= Nuttin' for Christmas =

1955 novelty Christmas song sung by Barry Gordon

"Nuttin' for Christmas" (also known as "Nothing for Christmas") is a novelty Christmas song written by Sid Tepper and Roy C. Bennett. It became a hit during the 1955 holiday season when it appeared in Billboard’s pop charts by five other artists. The highest-charting of the five recordings was released by Art Mooney and His Orchestra, with six-year-old Barry Gordon as lead vocalist. This version peaked at No. 6 and became a million-seller.

==Lyrics==
In the song's lyrics, a young boy lists all of the wrongdoings he committed throughout the year that led to Santa Claus withholding his Christmas gifts.
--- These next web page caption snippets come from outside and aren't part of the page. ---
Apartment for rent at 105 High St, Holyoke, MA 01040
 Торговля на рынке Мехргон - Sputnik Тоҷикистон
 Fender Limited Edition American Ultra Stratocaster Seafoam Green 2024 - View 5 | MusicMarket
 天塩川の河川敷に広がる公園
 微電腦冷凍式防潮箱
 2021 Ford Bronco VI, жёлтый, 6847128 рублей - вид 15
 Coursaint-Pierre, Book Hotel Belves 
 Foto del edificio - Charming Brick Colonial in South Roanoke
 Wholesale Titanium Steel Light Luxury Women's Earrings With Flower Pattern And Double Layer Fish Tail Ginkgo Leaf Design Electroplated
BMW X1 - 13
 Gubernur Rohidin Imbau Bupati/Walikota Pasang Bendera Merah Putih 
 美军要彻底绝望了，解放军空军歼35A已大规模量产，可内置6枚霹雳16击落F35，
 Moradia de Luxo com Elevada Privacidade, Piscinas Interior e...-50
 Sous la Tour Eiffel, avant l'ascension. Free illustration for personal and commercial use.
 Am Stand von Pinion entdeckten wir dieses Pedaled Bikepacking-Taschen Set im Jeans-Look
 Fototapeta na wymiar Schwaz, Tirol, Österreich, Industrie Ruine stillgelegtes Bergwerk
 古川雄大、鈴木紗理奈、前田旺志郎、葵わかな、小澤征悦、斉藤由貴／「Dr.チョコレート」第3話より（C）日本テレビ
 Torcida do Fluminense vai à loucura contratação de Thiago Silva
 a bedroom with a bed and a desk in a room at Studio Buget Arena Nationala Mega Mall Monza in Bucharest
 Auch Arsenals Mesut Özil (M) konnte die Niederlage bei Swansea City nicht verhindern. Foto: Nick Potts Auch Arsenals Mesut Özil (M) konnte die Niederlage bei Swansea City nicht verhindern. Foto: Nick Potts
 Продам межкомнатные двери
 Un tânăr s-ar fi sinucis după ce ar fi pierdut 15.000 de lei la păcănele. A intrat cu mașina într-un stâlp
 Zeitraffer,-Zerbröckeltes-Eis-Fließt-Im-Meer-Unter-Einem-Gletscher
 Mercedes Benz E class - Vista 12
His offenses vary from minor accidents (e.g. tearing his pants while climbing a tree) to practical jokes (e.g. placing a thumbtack on his teacher's chair) and juvenile delinquency (e.g. using a slug to purchase gum). The song concludes with the boy pledging to improve his behavior in future and warning listeners to do the same.

==Cover versions==

Another notable version was performed by Stan Freberg. Freberg's version adds a humorous coda when a man (voiced by Daws Butler) in an outfit resembling Santa Claus's enters through the fireplace and reveals himself to be a robber; the singer directs the robber to the family's valuables, and both join in the closing refrain.

Other charting versions were recorded by the Fontane Sisters, Joe Ward, and Ricky Zahnd and the Blue Jeaners.

The song was revived on the Big Top label by Kenny and Corky and entered the Cashbox Top 100 in 1959.

Other artists who have recorded the song include Less Than Jake, Spike Jones, Eartha Kitt, Homer and Jethro, Relient K, Smash Mouth (featuring Rosie O'Donnell), Sugarland, Tonic Soul-fa, and the Vindictives.

A cover by Plain White T's was featured in the 2011 Disney Christmas special Prep & Landing: Naughty vs. Nice.

In 2009, the rap artist Tony Yayo sampled the original track on his mixtape The Swine Flu on a track titled "Somebody Snitched On Me" as a "diss" track for the rap artist Rick Ross.

In 2020, ska punk band We Are the Union released a parody of the song, titled “I’m Working Retail for Christmas”.